Brasile: i nuovi dazi USA sono un “ricatto politico”

L’idea che le nazioni stiano danneggiando le aziende locali o dovrebbero contribuire maggiormente all’economia statunitense non è una novità. Né per Donald Trump né per l’industria brasiliana. L’aumento dei dazi del 50% imposto unilateralmente dal repubblicano al Brasile, in vigore dal 6 agosto, è in realtà inferiore alla sanzione del 100% che parte dell’industria nazionale ha dovuto affrontare quasi 40 anni fa. Nonostante le circostanze politiche ed economiche molto diverse, il quadro giuridico utilizzato in entrambe le occasioni è stato lo stesso.

Gli Stati Uniti rappresentano circa il 4% di tutte le esportazioni brasiliane, ovvero circa il 2% del PIL (prodotto interno lordo) brasiliano.
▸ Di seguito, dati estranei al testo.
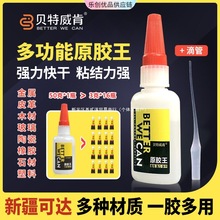 ؐ�������½����_���aԭ�z������502�aЬ�޼Ҿ߽��ٲ���ճ��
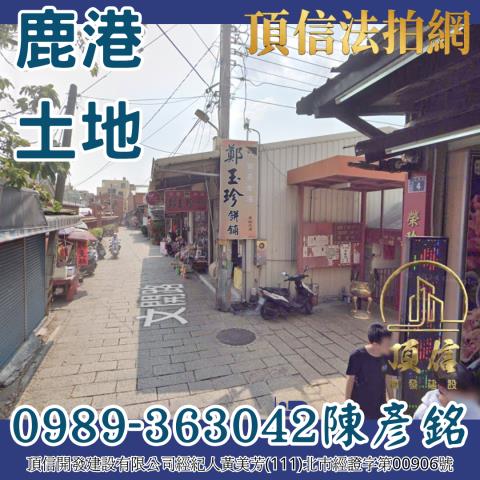 彰化建地拍賣-0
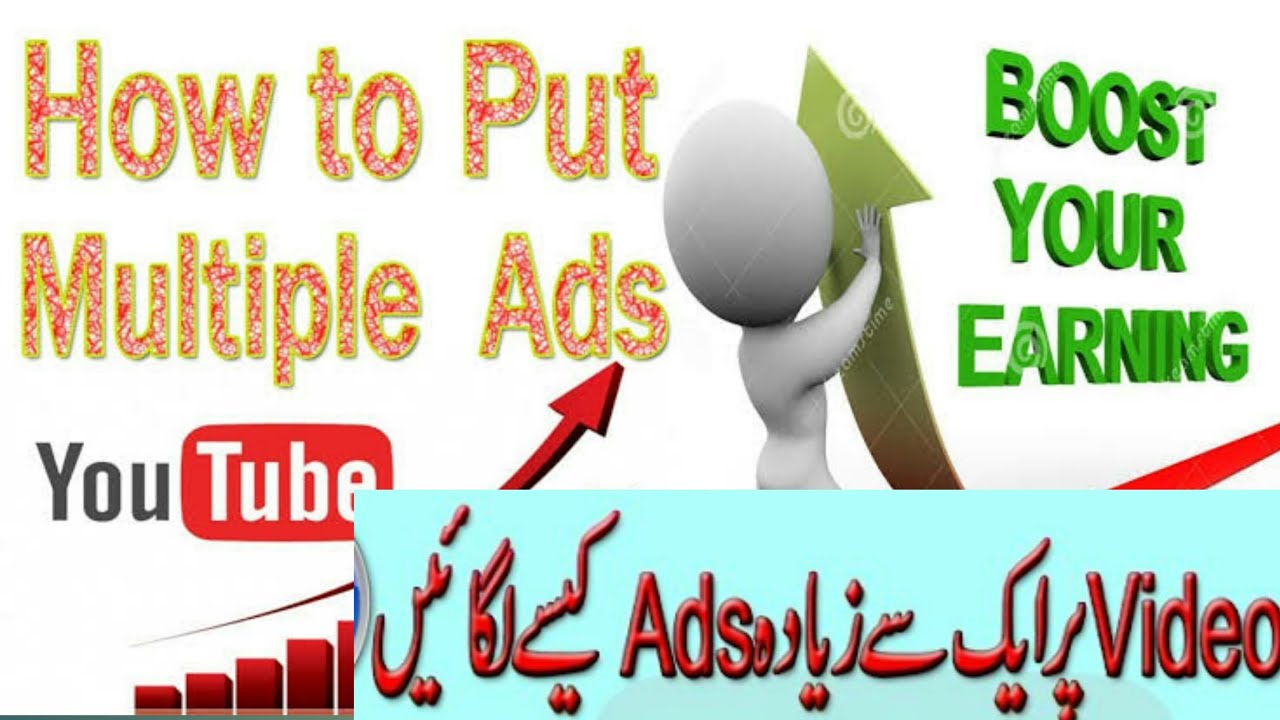 how we can increase you tube earning add ads in vidie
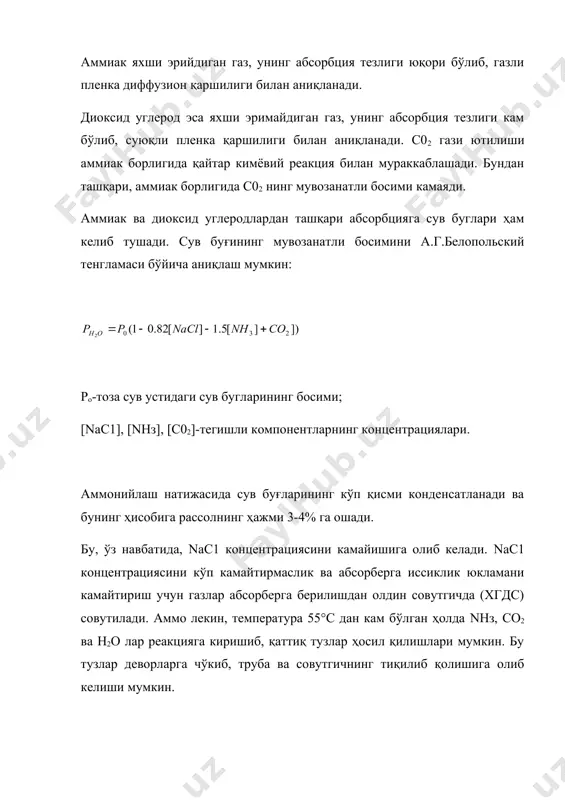атида, nас1 концентрациясини камайишига олиб келади. nас1 концентрациясини кўп камайтирмаслик ва абсорберга иссиклик юкламани камайтириш учун газлар абсорберга берилишдан олдин совутгичда (хгдс) совутилади. аммо лекин, температура 55°с дан кам бўлган ҳолда nнз, сo2 ва н2о лар реакцияга киришиб, қаттиқ тузлар ҳосил қилишлари мумкин. бу тузлар деворларга чўкиб, труба ва совутгичнинг тиқилиб қолишига олиб келиши мумкин. ишлаб чиқариш шароитида дистилляция жараёнини ўтказишда совутгичдан чиқаётган газнинг босими 93,1 кпа ташкил қилади. демак, газнинг совутиш чегаравий температураси 520с ни ташкил этади. ишлаб чиқариш шароитида технологик режим ўзгариши мумкин ва шунинг учун температура 55°с дан кам бўлмайди. одатда 60°с температура ушланади. карбонизация бўлими талабларига кўра аммонийлашган намокобдаги аммиакнинг концентрацияси белгиланади. бу концентрация қуйидаги нисбатга жавоб бериши керак. nн3 :nacl=1,1-1,15 агарда тозаланган намокобда naс1 концентрацияси 106 н.д. ташкил этса, дистилляция газларининг сув буғлари конденсацияси ва суюқ фаза зичлиги камайиши ҳисобига бу концентрация аммонийлашган намокобда 88-90 н.д. камаяди. демак nн3:naс1=1,1-1,15 бўлган ҳолда аммонийлашган намокобда аммиакнинг концентрацияси …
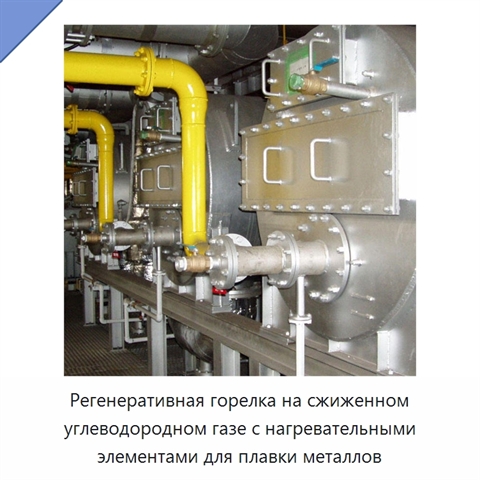 Регенеративная горелка на сжиженном углеводородном газе с нагревательными элементами для плавки металлов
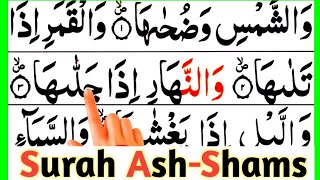 091 Surah Ash-Shams || Quran Tilawat || Quran Recitation Surah Shams || HD Arabic Text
Dal 6 agosto, caffè, calzature, carne bovina, prodotti tessili e frutta (ad eccezione delle arance e del loro succo) sono tra i 3.800 prodotti soggetti a un aumento tariffario del 50%.

Nonostante recenti resoconti, questo non è l’importo totale delle esportazioni brasiliane verso gli Stati Uniti. Le tariffe coprono il 35,9% dei beni esportati (che rappresentano il 44,6% del valore totale delle vendite). In altre parole, metà di ciò che il Paese vende agli Stati Uniti sarà soggetto al dazio del 10% imposto a livello globale dall’amministrazione Trump. Tra i prodotti, alcuni dei quali di alto valore, 694 sono stati esentati dal dazio del 50% imposto dalla Casa Bianca.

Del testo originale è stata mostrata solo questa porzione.